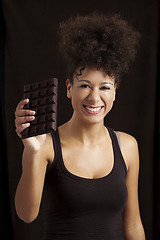 Image showing Woman with a chocolate bar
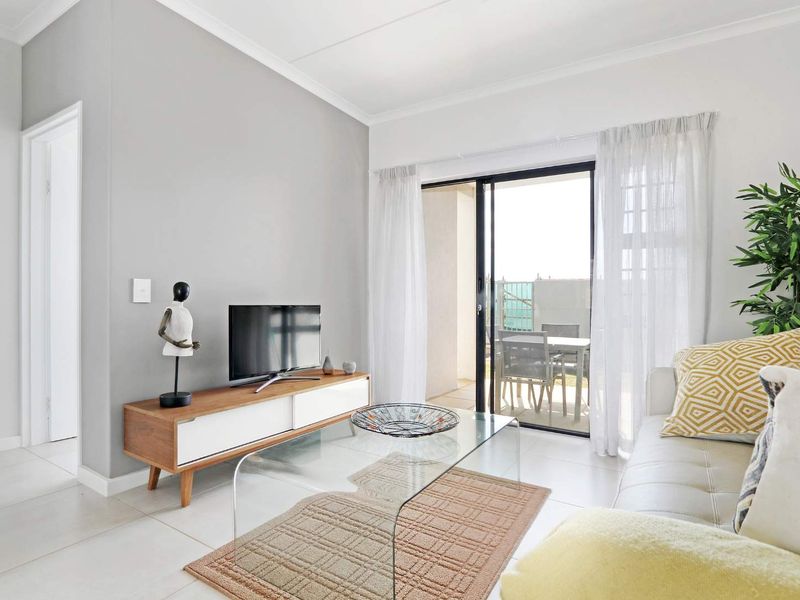 Bright living room featuring neutral tiled flooring, coved ceilings, and a large sliding glass door providing access to the outdoor patio area.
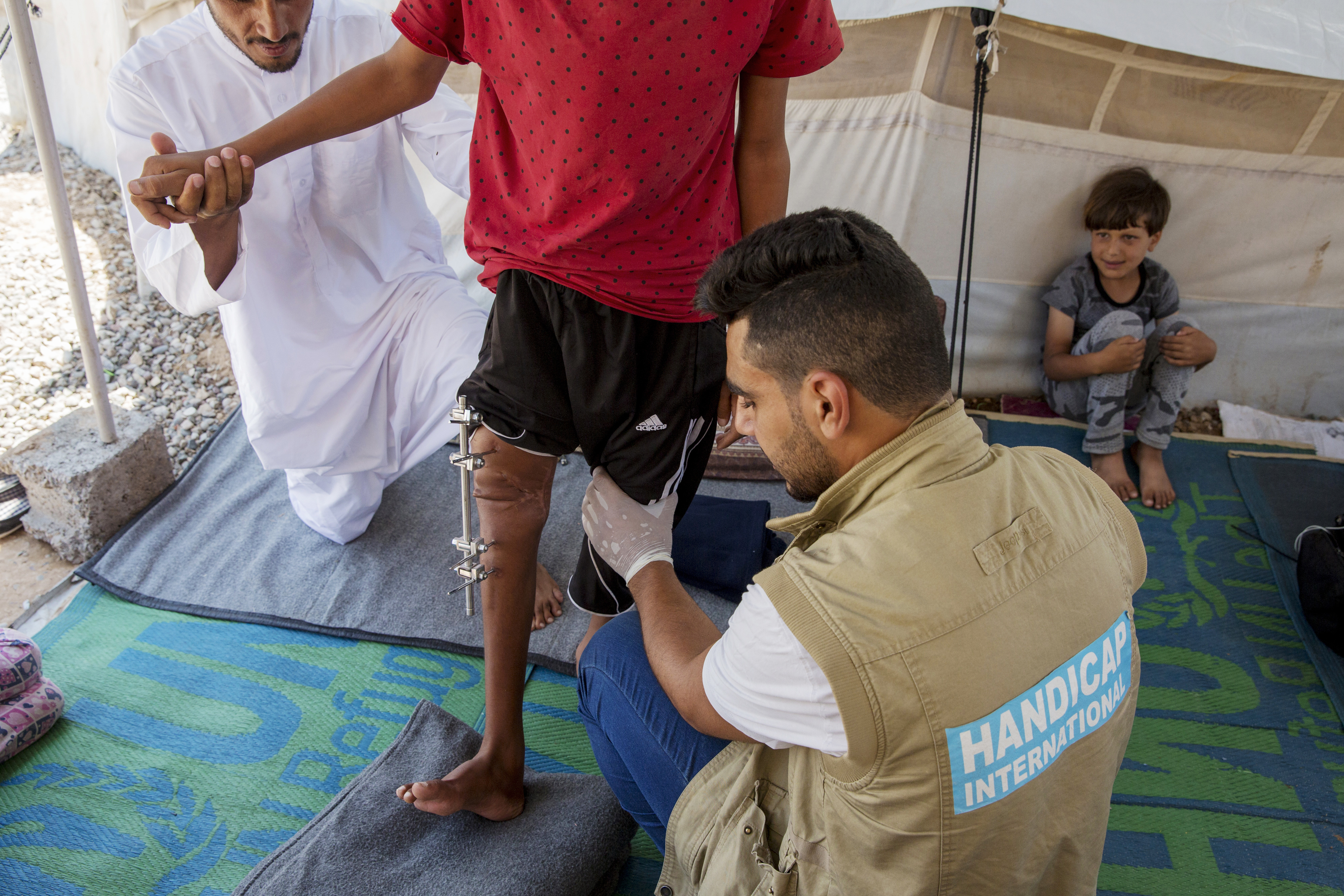 Mohammad, physiothérapeute de HI, en séance de rééducation avec Abdallah, 13 ans, originaire de Mossoul Ouest. Il souffre d’une fracture de la jambe suite à l'explosion d'un missile.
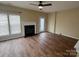 Spacious living room features a fireplace, ceiling fan and wood-look flooring at 12378 Swan Wings Pl, Huntersville, NC 28078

## Your instructions
When copying the listing above, begin at its first line and stop after the line with "Mohammad, physiothérapeute de", keeping each line exact and dropping the pictures.

## Answer for this exercise
 Image showing Woman with a chocolate bar
 Bright living room featuring neutral tiled flooring, coved ceilings, and a large sliding glass door providing access to the outdoor patio area.
 Mohammad, physiothérapeute de HI, en séance de rééducation avec Abdallah, 13 ans, originaire de Mossoul Ouest. Il souffre d’une fracture de la jambe suite à l'explosion d'un missile.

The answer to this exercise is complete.